Christmas celebrations flourished in England in the 1840s, and many German traditions, such as Christmas trees, were popularized by Prince Albert, Queen Victoria's husband. And it was an associate of Prince Albert's, Henry Cole (1808-1882), who was too busy - or perhaps found it too much of an imposition - to write long personal Christmas greetings to his numerous friends and relations, who produced the first Christmas card.
The name Henry Cole should sound familiar to philatelists. He was a strong supporter of Rowland Hill, and from 1837 to 1840 acted as his assistant, playing a key role in the introduction of the penny post. In fact, he is sometimes credited with selecting the design of the world's first postage stamp, the Penny Black.
Cole also was the manager of the "Great Exhibition of the Works of lndustry of All Nations;" held in 1851. Popularly known as the Crystal Palace Exhibition, the five-month event was enormously popular and a financial success. It is estimated that as much as a third of the population of Great Britain traveled to London to visit the exhibition.
Among other things, the Great Exhibition was the impetus for the development of the Department of Science and Art at South Kensington Museum in the 1850s (renamed the Victoria and Albert Museum in 1899), of which Henry Cole became the first director. He was knighted by Queen Victoria in 1875.
Cole employed the services of a personal friend, the London artist John Calcott Horsley (1817-1895), to create his 1843 greeting card. Horsley’s illustration was a triptych design, with a center piece and two side panels. The center, full-color image shows a family raising their glasses in a toast around a Christmas feast, while the side panels illustrate feeding and clothing the poor.
The ancient Christmas symbols of holly and ivy are used throughout the design. There is a space at the top for the name of the recipient, and a line at the bottom for the sender’s name, with A Merry Christmas and a Happy New Year to You printed in a hanging banner. Cole printed 1,000 cards and, after having used as many as he needed, he sold the remainder at 6d (sixpence) each, now the equivalent of about $4. These were advertised in the Athenaeum paper:
Just published. A Christmas Congratulation Card: or picture emblematical of the Old English Festivity to Perpetuate kind recollections between Dear Friends.
Although the original card was criticized by temperance groups because it pictured a family, and in particular a young girl, sipping wine, the concept of exchanging Christmas greeting cards soon became very popular. The London printers Charles Goodall & Sons were the first to mass-produce Christmas cards in 1862. (Incidentally, Goodall & Sons produced most of the playing cards used in Great Britain at that time.)
With the introduction of halfpenny stamps in 1870 for the printed matter rate, the popularity of Christmas cards soared. By 1880 more than 11.5 million cards were being sent each year. Over the course of time, popular themes expanded to include decorated Christmas trees, winter scenes, throwing snowballs, tobogganing, and robin redbreasts, as well as the traditional Father Christmas and religious images.

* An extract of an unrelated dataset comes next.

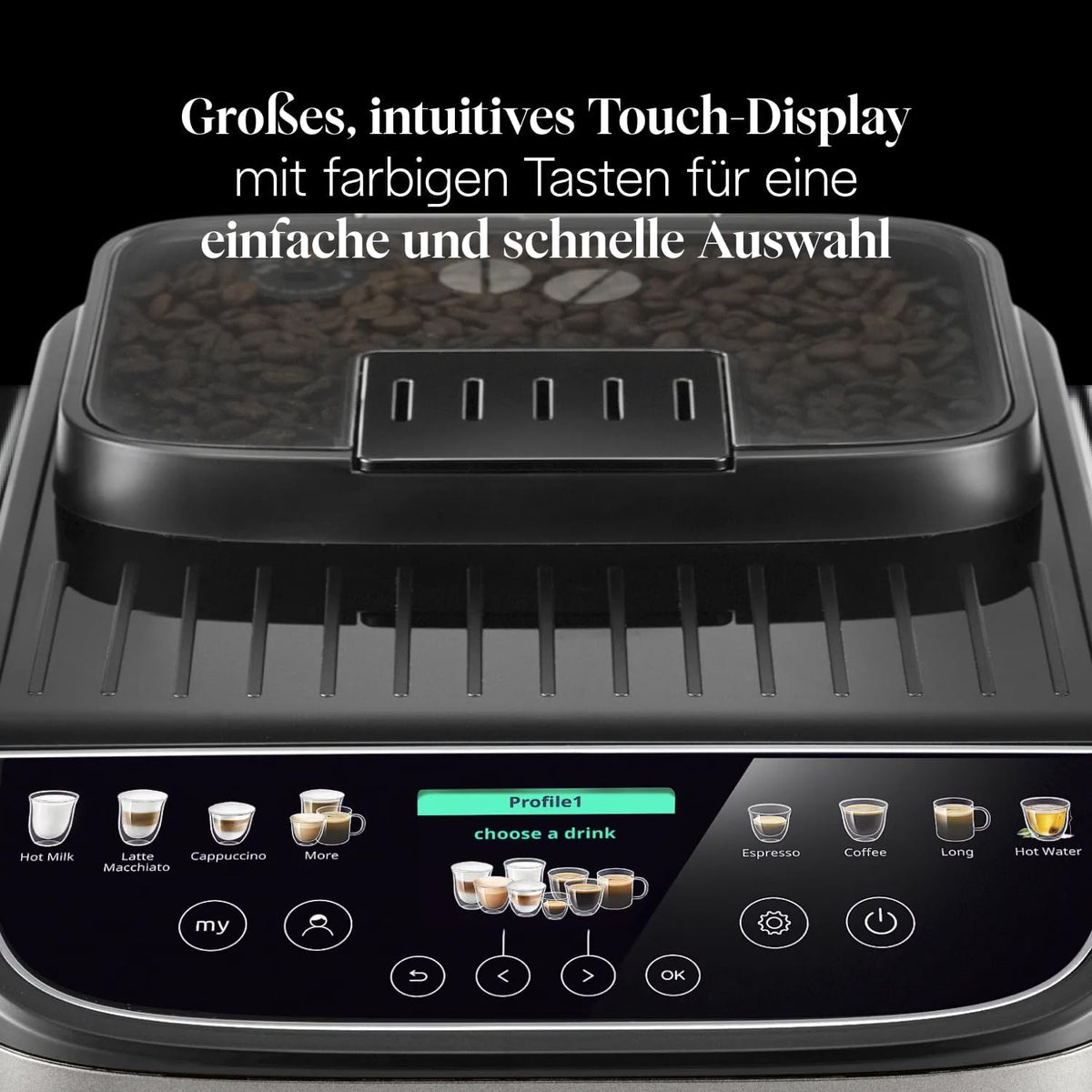 De’Longhi Magnifica Evo Next - Perfetto Kaffeevollautomat mit LatteCrema-Milchaufschäumer, 13 One-Touch-Getränke, Coffee- und Cappuccino Kaffeemaschine, farbiges Touch-Display, Titan (ECAM312.80.SB)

Holiday greetings cards were imported from England to the United States until 1875, when Louis Prang, a German immigrant living in Roxbury, Boston, started publishing high-quality Christmas cards for the American market. Initially, his cards were unrelated to the Christmas scene and featured flowers and birds.

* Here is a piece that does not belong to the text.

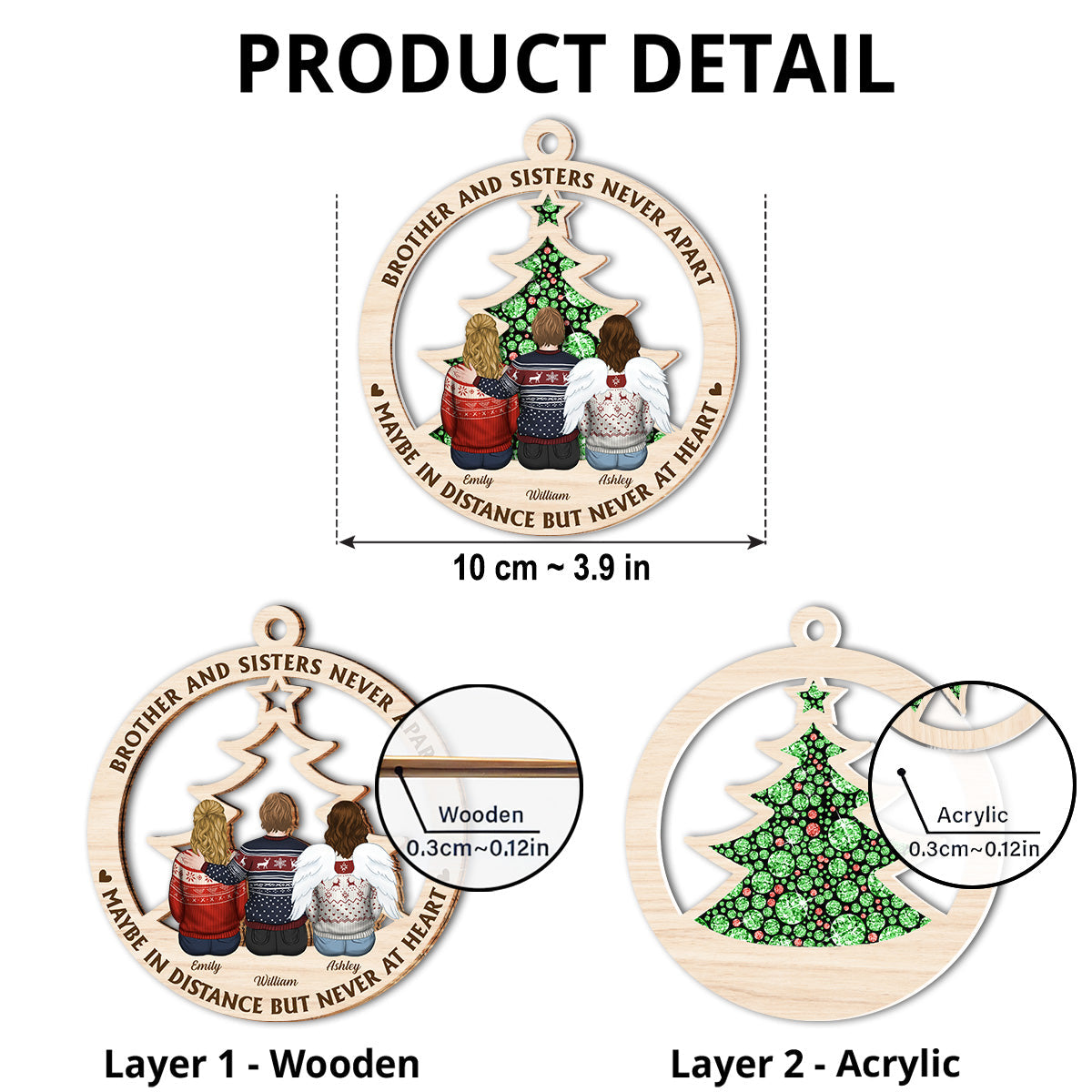 Brothers And Sisters Never Apart - Personalized Custom Suncatcher Ornament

Prang was an experienced lithographer and produced color reproductions of oil paintings. For his Christmas cards, he used up to twenty colors. By the early 1880s he was producing more than 5 million cards each year, and began to include typical Christmas scenes, such as snow scenes, glowing fireplaces, children playing with toys, and fir trees.
An 1878 Prang card showing a cherub ringing a Christmas bell was used for one of the 1975 U.S. Christmas stamps — incidentally the centenary of Prang’s first card. Prang is sometimes referred to as “The Father of the American Christmas card.”